Records excerpted from a collection
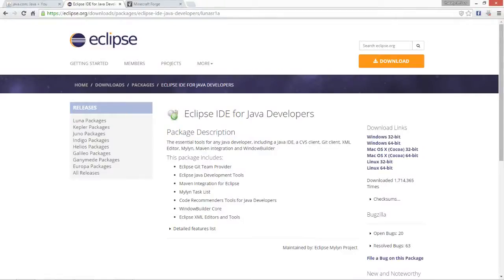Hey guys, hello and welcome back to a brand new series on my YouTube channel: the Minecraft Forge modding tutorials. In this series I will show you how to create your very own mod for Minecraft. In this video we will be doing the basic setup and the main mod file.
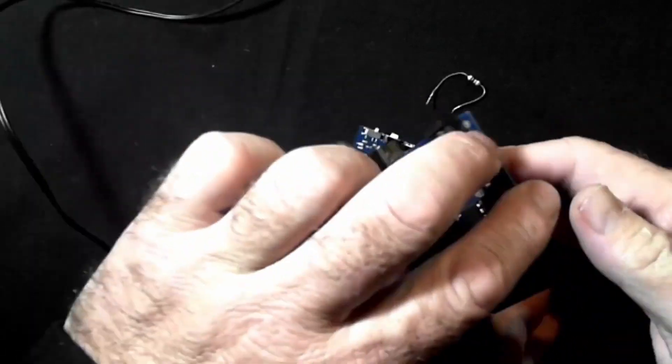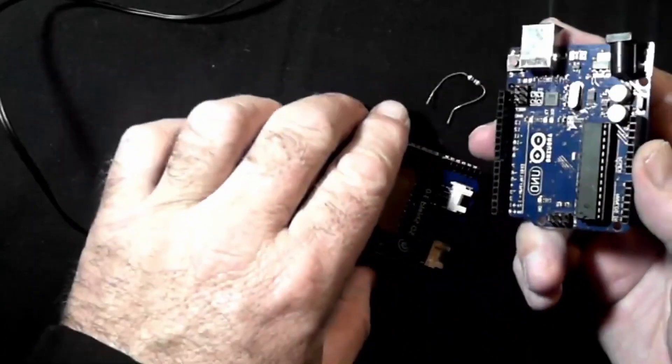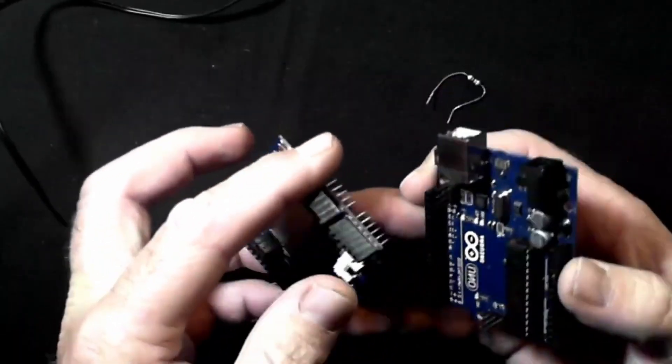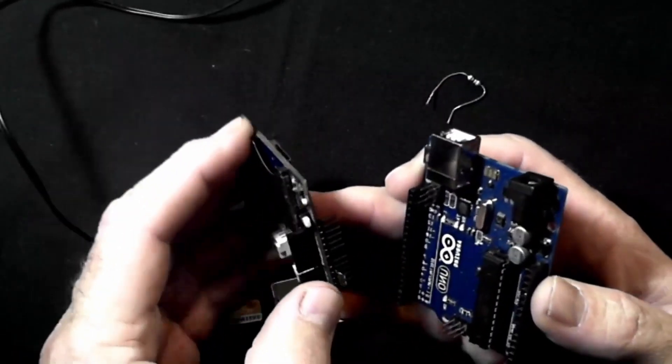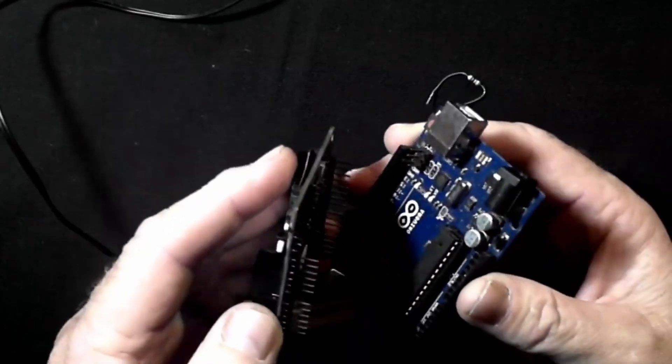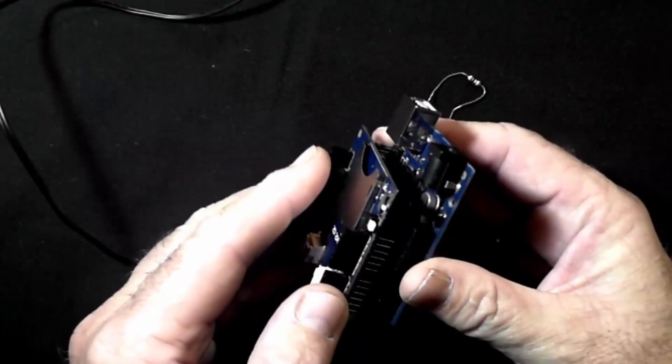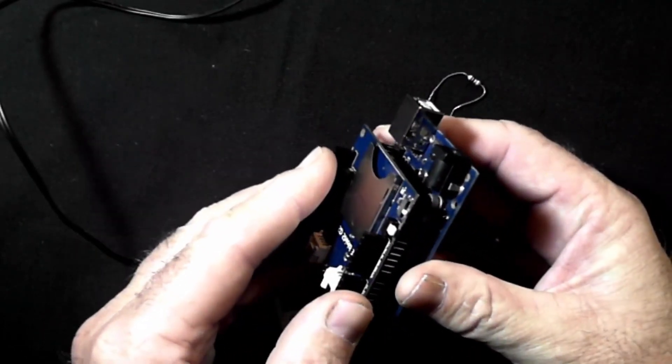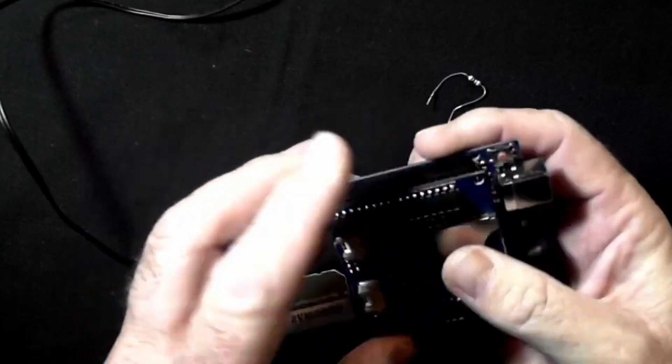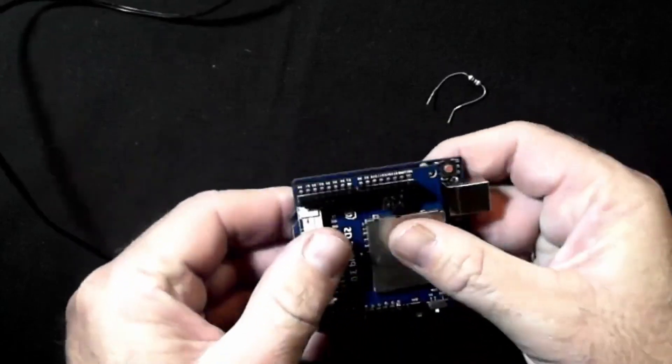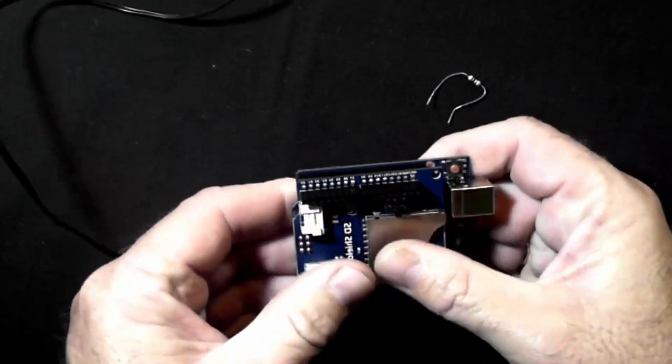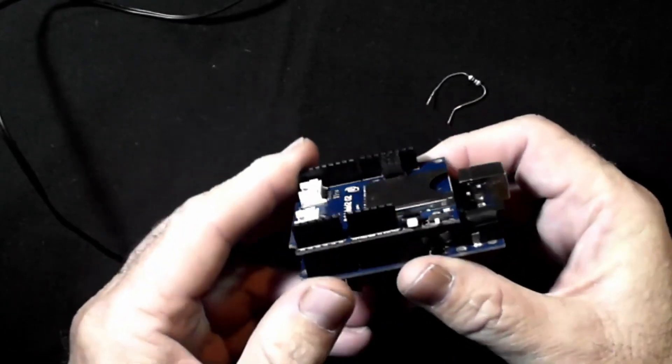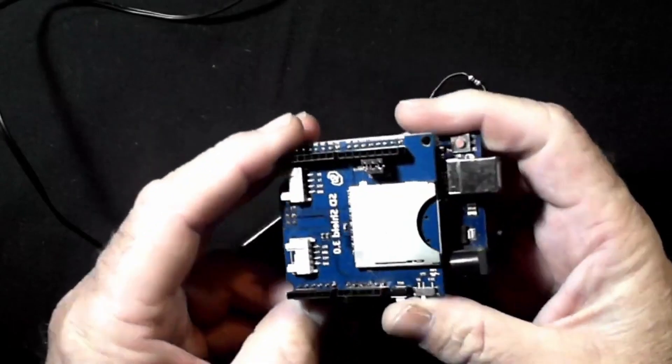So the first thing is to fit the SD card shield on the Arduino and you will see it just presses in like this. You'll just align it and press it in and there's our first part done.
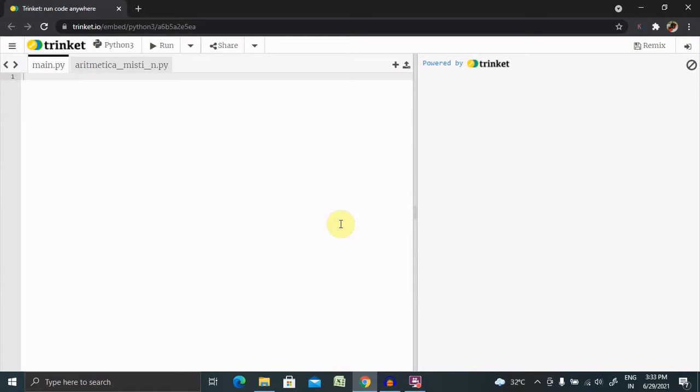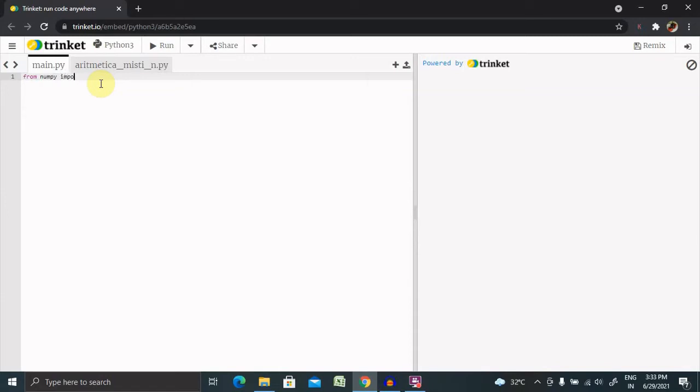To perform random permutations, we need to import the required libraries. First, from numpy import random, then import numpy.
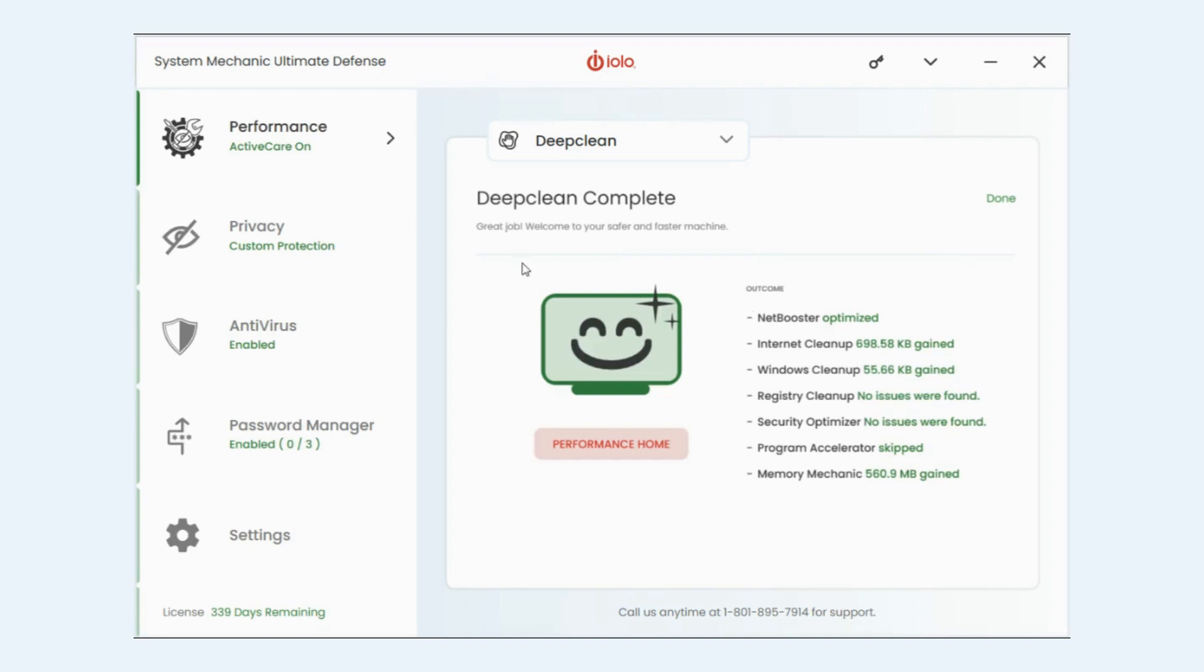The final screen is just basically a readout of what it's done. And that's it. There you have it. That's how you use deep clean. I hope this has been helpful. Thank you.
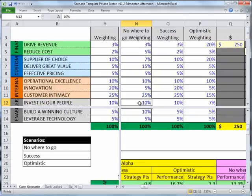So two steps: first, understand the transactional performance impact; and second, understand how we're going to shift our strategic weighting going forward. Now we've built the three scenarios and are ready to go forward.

What the task requires: Your copy should match the data above exactly, apart from the pictures.

Your response:
Hey guys, hello and welcome back to a brand new series on my YouTube channel: the Minecraft Forge modding tutorials. In this series I will show you how to create your very own mod for Minecraft. In this video we will be doing the basic setup and the main mod file.
So the first thing is to fit the SD card shield on the Arduino and you will see it just presses in like this. You'll just align it and press it in and there's our first part done.
To perform random permutations, we need to import the required libraries. First, from numpy import random, then import numpy.
The final screen is just basically a readout of what it's done. And that's it. There you have it. That's how you use deep clean. I hope this has been helpful. Thank you.
So two steps: first, understand the transactional performance impact; and second, understand how we're going to shift our strategic weighting going forward. Now we've built the three scenarios and are ready to go forward.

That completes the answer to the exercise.